Zhang’s proposal, “Foundation of Communication-Efficient Distributed Computation and Monitoring,” will study fundamental algorithmic problems in databases, data mining, networking, and machine learning with the aim of creating a systematic theory of communication-efficient computing and monitoring that can have the potential to impact a wide range of rapidly developing areas in the theoretical foundations of big data.
“The CAREER award is one of the NSF’s most prestigious awards in support of early-career faculty, and I am certainly very excited about it,” Zhang said. “I have worked in this area for about 10 years, and I was aware that many fundamental questions in this area are still open. I’m happy that the design of communication-efficient algorithms is being recognized as an important direction for the future, and my work will hopefully generate a big impact in this area.”
This project targets three fundamental aspects of communication-efficient distributed computation, including the tradeoffs between the communication cost and the number of rounds of the computation in distributed one-shot computation, the power of data partitioning, and the connections between distributed one-shot computation and continuous monitoring.
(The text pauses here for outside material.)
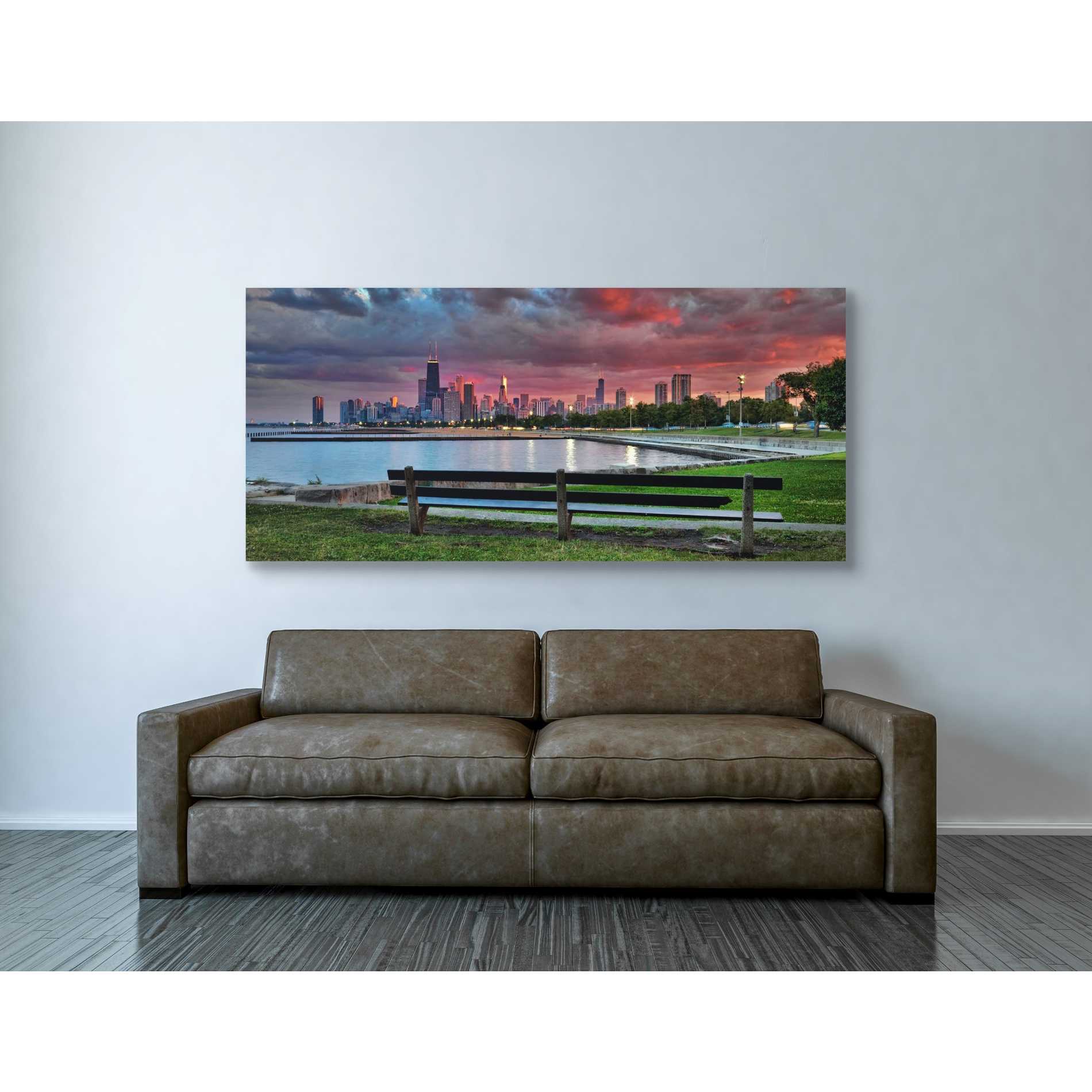 'North Avenue Beach at Sunset,' Canvas Wall Art,30 x 60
The results of the project will be integrated into a trilogy of courses in the foundations of data science to train students to tackle the communication bottlenecks of the future.
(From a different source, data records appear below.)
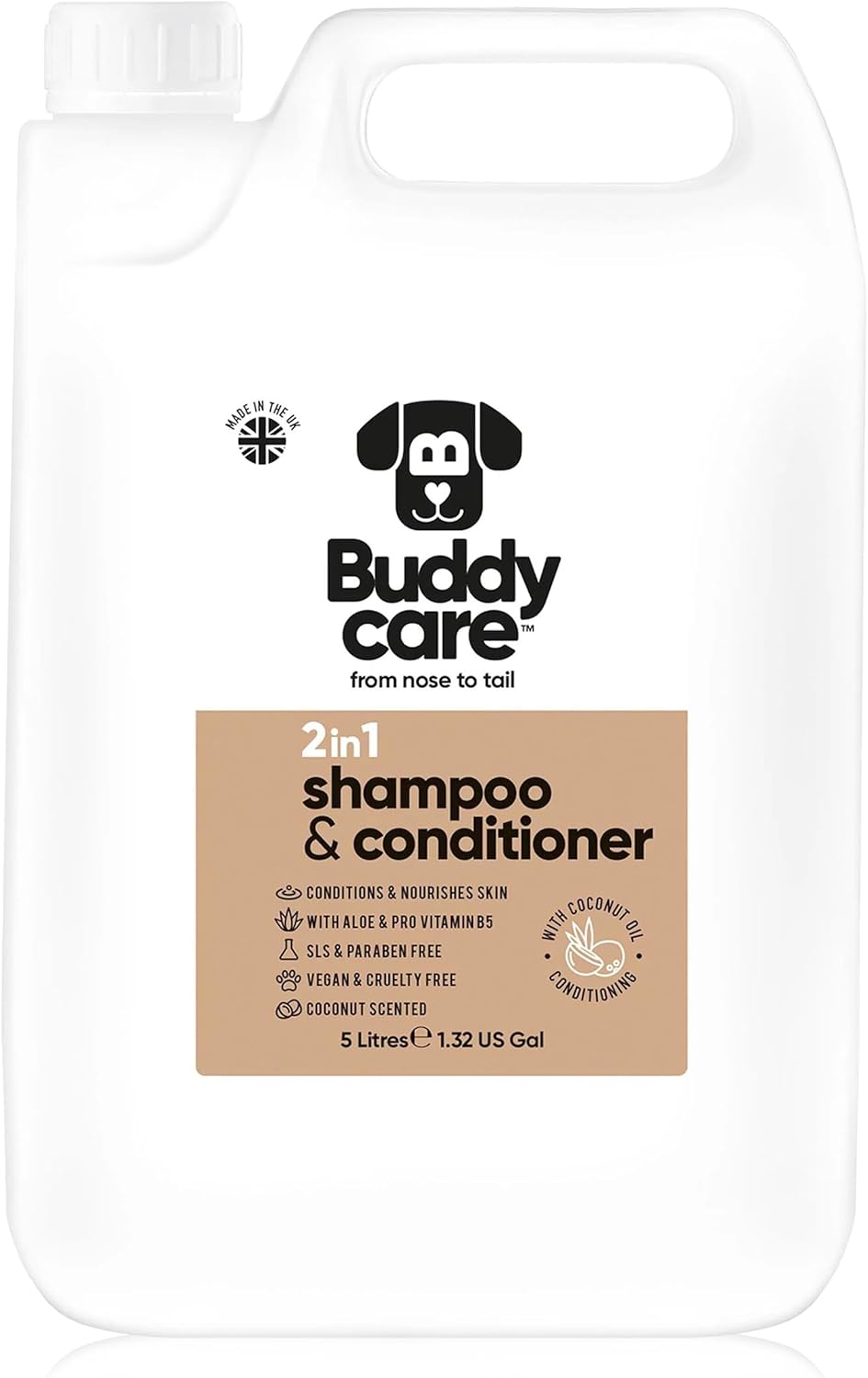 2in1 Dog Shampoo & Conditioner by Buddycare | Coconut Scented | with Aloe Vera and Pro Vitamin B5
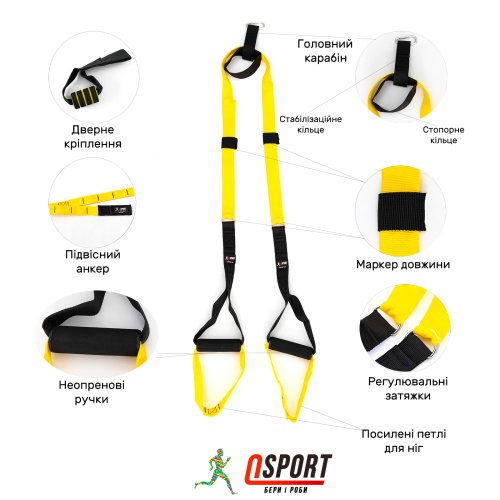Тренировочные петли trx для кроссфита (трх тренажер для фитнеса и турника) OSPORT Lite (FI-0037) фото 2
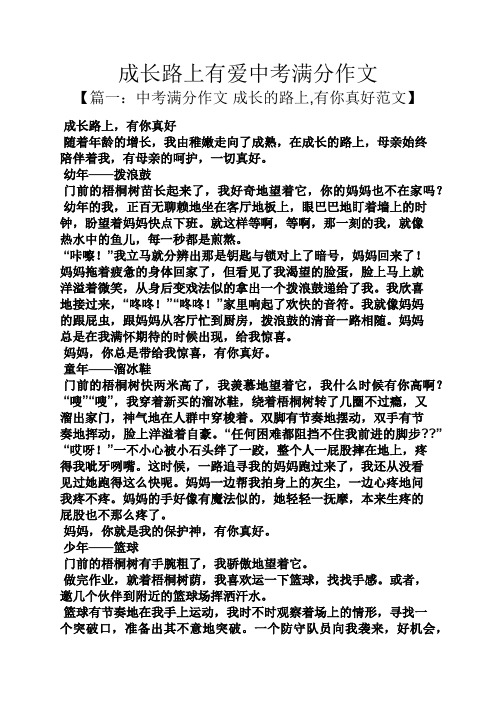 成长路上有爱中考满分作文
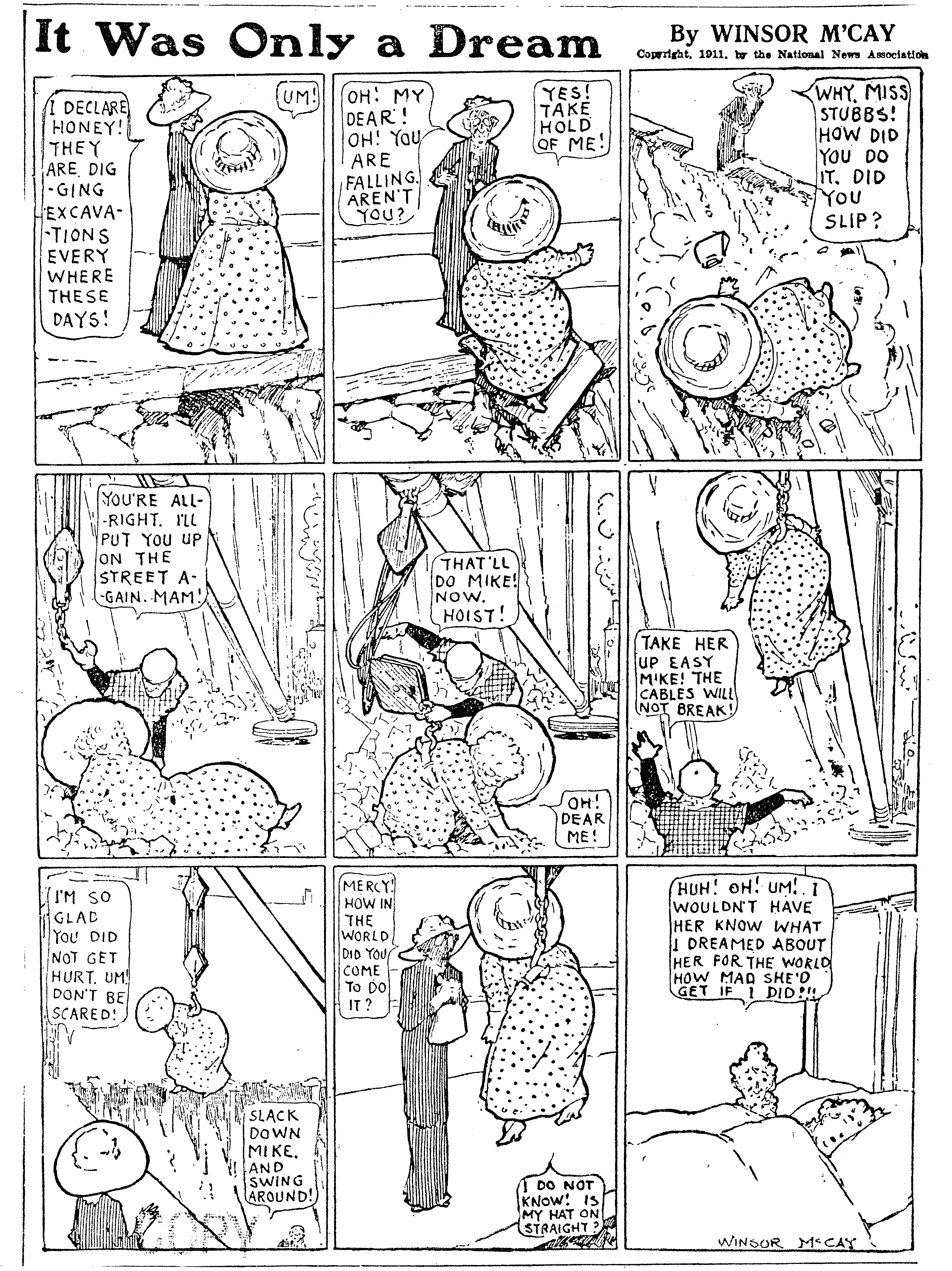 Dream of the Rarebit Fiend, strip 702 of 820. Winsor McCay (1904–1913), public domain. Scan: Internet Archive.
“This proposal is based on the hypothesis that as the scale of big data analytics continues to grow, communication will become a more critical resource than space and time,” Zhang said. “Communication-efficient solutions will be of central importance in the algorithm design. Basically, if the data is stored in different locations, then any computation on the global data needs communication. We will try to settle the communication complexity of fundamental problems in computer science, such as clustering, matrix multiplication, linear programming, and more.”
Zhang’s research will focus on the theoretical side of computing, but all algorithmic results developed in this project will have immediate impact on practical applications since the distributed one-shot computation and monitoring models are abstracted from numerous real-world applications.
“The problem of efficiently communicating the wealth of data that is created on a daily basis is one of the bigger challenges of our future,” said Kay Connelly, associate dean for research at SICE. “Qin’s work will help further our understanding of how we can attack this problem, and it is another sign of our leadership in the critical area of theoretical computer science.”